With the simultaneous administration of ibuprofen, it reduces the anti-inflammatory and antiplatelet effect of acetylsalicylic acid (it is possible to increase the incidence of acute coronary insufficiency in patients receiving small doses of acetylsalicylic acid as an antiplatelet agent after starting ibuprofen).
When prescribed with anticoagulant and thrombolytic drugs (alteplase, streptokinase, urokinase), the risk of bleeding increases at the same time.
With the combined use of ibuprofen and cefamandol, cefoperazone, cefotetan. valproic acid increases the incidence of hypoprothrombinemia.
Myelotoxic drugs enhance the hematotoxicity of the drug.
Cyclosporine and gold preparations enhance the effect of ibuprofen on the synthesis of prostaglandins in the kidneys, which is manifested by an increase in nephrotoxicity.
Ibuprofen increases the plasma concentration of cyclosporin and the likelihood of its hepatotoxic effects.
Medicines that block tubular secretion reduce excretion and increase the plasma concentration of ibuprofen.
Ibuprofen may decrease the effectiveness of mifepristone, so ibuprofen should be started no earlier than 8-12 days after taking mifepristone.

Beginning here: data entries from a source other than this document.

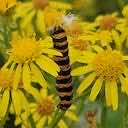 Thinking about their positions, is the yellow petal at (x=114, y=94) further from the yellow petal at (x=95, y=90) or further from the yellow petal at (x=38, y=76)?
the yellow petal at (x=38, y=76)

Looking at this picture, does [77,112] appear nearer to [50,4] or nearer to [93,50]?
[93,50]

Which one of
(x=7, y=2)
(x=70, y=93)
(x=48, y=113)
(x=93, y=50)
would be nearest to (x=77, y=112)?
(x=48, y=113)

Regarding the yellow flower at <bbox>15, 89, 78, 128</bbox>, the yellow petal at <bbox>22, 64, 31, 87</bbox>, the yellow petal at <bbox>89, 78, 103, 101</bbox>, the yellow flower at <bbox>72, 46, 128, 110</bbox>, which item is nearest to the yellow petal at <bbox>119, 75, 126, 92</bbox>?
the yellow flower at <bbox>72, 46, 128, 110</bbox>

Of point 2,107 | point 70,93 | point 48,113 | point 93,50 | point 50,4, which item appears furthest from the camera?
point 50,4

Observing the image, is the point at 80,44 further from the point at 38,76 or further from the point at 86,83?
the point at 38,76

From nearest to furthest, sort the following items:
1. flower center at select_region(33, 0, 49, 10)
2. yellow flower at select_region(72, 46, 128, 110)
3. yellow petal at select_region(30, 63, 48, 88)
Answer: yellow petal at select_region(30, 63, 48, 88), yellow flower at select_region(72, 46, 128, 110), flower center at select_region(33, 0, 49, 10)

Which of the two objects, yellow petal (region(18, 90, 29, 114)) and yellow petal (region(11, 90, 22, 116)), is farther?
yellow petal (region(18, 90, 29, 114))

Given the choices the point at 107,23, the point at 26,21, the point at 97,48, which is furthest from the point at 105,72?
the point at 26,21

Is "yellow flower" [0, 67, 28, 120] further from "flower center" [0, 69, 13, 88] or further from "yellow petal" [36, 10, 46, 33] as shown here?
"yellow petal" [36, 10, 46, 33] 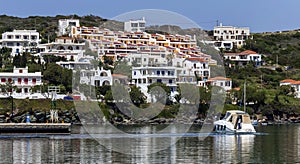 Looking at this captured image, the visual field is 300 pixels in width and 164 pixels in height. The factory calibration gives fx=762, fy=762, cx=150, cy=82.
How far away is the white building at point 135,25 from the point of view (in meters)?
129

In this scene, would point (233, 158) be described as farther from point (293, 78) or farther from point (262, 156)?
point (293, 78)

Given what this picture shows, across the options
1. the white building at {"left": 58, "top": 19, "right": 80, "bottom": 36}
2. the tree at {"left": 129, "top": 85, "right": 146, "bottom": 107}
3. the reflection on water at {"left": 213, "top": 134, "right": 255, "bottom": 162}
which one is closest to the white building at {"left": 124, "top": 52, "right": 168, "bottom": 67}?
the tree at {"left": 129, "top": 85, "right": 146, "bottom": 107}

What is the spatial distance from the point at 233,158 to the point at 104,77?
48008mm

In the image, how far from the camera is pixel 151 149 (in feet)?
153

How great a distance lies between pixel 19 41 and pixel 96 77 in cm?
2302

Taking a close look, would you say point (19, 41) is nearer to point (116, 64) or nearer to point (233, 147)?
point (116, 64)

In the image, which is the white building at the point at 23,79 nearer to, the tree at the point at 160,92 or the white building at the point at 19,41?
the tree at the point at 160,92

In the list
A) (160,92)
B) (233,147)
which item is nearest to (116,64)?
(160,92)

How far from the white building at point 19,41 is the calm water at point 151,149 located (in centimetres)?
4888

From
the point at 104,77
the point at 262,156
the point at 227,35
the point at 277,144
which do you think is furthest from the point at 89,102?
the point at 227,35

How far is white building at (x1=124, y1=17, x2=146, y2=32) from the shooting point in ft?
423

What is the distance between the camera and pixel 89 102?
7919cm

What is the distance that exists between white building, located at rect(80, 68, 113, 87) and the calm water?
28394mm

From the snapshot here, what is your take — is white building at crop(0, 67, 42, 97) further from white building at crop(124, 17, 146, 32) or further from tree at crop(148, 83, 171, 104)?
white building at crop(124, 17, 146, 32)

With the simultaneous administration of ibuprofen and tacrolimus, an increased risk of nephrotoxicity is possible.
The simultaneous use of ibuprofen and zidovudine may lead to increased hematological toxicity.
There is evidence of an increased risk of hemarthrosis and hematomas in HIV-positive hemophilia patients treated with zidovudine and ibuprofen.

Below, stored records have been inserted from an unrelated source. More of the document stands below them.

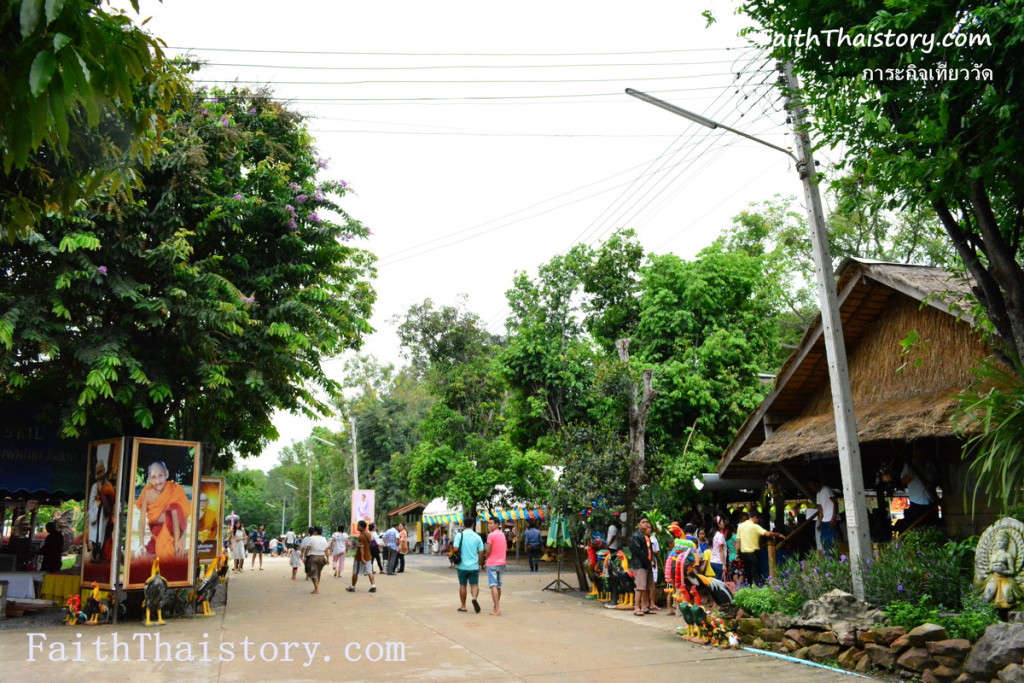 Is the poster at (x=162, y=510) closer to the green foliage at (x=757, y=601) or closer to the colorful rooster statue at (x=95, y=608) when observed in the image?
the colorful rooster statue at (x=95, y=608)

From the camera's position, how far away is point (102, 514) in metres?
13.9

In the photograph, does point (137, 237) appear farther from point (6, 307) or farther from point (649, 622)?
point (649, 622)

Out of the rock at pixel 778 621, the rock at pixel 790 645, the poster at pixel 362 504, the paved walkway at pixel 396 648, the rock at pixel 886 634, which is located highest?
the poster at pixel 362 504

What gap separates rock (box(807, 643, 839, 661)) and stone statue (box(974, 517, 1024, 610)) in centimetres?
169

Patients receiving co-treatment with ibuprofen and the quinolone antibiotics may increase the risk of seizures.
Overdose
Symptoms: abdominal pain, nausea, vomiting, lethargy, drowsiness, depression, headache, tinnitus, metabolic acidosis, coma, acute renal failure, lowering blood pressure, bradycardia, tachycardia, fibrillation, pre-pulmonary fibrillation.
Treatment: gastric lavage (only within an hour after ingestion), activated charcoal, alkaline drink, forced diuresis, symptomatic therapy.
Storage conditions
In the dark place at a temperature of no higher than 25 РC.
Keep out of the reach of children.
Expiration
2 years.
Do not use after the expiry date stated on the packaging.
pharmacy dispensing terms without a prescription
Form of Treatment
tablets
Appointment
Pregnant I and II tr Maistre to doctor appointments, For Adults, For children 12 years and older
Indications
Dislocations and sprains, From lumbago, Swelling after injuries and operations, From neuritis, From arthrosis and arthritis, Grippa, Grippa, migraines, Injuries, From myositis, From rheumatoid arthritis, From osteoarthritis, Cold Cold
Possible product names
Next Uno Express capsules 200 mg 20 pcs.